Cheng Xuelin, Jia Wenchang, Zhou Jing, Xu Yaxin, Zou Jian, Liu Ming, Jiang Sunfang, Li Xiaopan
Department of Health Management Center, Zhongshan Hospital, Fudan University, No. 180 Fenglin Rd., Xuhui, 200032, Shanghai, China.
Department of General Practice, Zhongshan Hospital, Fudan University, No. 180 Fenglin Rd., Xuhui, 200032, Shanghai, China.
Arch Public Health. 2025 Apr 7;83(1):93. doi: 10.1186/s13690-025-01558-8.
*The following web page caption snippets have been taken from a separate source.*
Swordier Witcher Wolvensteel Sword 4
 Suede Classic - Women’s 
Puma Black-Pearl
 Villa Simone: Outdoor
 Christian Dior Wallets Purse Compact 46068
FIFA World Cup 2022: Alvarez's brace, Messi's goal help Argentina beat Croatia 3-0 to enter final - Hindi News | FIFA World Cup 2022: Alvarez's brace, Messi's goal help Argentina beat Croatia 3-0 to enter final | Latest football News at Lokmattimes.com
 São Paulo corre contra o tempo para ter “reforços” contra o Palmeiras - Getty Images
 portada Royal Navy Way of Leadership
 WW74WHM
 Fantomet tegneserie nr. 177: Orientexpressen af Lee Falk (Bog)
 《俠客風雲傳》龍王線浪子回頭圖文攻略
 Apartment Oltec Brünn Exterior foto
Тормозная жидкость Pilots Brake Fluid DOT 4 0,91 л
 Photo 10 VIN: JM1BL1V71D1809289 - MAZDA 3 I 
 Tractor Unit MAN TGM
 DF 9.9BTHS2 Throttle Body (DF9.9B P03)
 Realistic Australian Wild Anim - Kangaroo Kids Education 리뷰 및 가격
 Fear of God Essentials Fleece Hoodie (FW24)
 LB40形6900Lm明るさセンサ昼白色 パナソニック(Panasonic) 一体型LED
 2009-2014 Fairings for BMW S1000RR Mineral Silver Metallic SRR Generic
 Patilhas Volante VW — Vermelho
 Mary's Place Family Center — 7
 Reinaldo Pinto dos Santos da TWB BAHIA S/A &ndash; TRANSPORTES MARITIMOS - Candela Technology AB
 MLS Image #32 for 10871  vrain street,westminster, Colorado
The aging population in China is increasingly evident, leading to a shift in the patterns of disease burden. This study aims to investigate changes and trends in mortality, disability-adjusted life years (DALYs), life expectancy (LE), and health-adjusted life expectancy (HALE) in China from 1990 to 2021.
This study presents a secondary analysis of data from the Global Burden of Disease Study 2021, with a focus on mortality, DALYs, LE, and HALE. We examined changes in these indicators in China from 1990 to 2021, comparing them with global averages and across five SDI regions. Using Joinpoint Regression Software, we analyzed trends in the top ten cause-specific DALY rates in 2021. Furthermore, we employed the Bayesian Age-Period-Cohort model to forecast age-standardized rates (ASR) of mortality for the next decade.
China witnessed a decrease in the ASRs of mortality (1198.16/100,000 [1098.61-1294.10] to 644.68/100,000 [555.12-735.51]) and DALYs (43085.42/100,000 [39330.62-47273.39] to 22717.19/100,000 [19748.18-25903.34]) from 1990 to 2021. During the COVID-19 pandemic, the ASRs of mortality and DALY declined in China (23009.47/100,000 [19661.21-26495.58] in 2019), but global rates and those across the five SDI (Socio-demographic Index) regions increased. Projections indicate a continued decline in the ASRs of mortality over the next decade, from 2019 to 2035 and 2021 to 2035. Notably, DALY rates for the top 10 level 2 causes in 2021 decreased over the past three decades, except for musculoskeletal disorders (AAPC% 95%CI, 0.10 [0.07-0.14], men; 0.05 [-0.02-0.13], women) and sense organ diseases (AAPC% 95%CI, 0.38 [0.33-0.43], men; 0.35 [0.30-0.41], women). LE and HALE increased across all age groups in China over the same period, although there was no significant change in the HALE/LE ratio.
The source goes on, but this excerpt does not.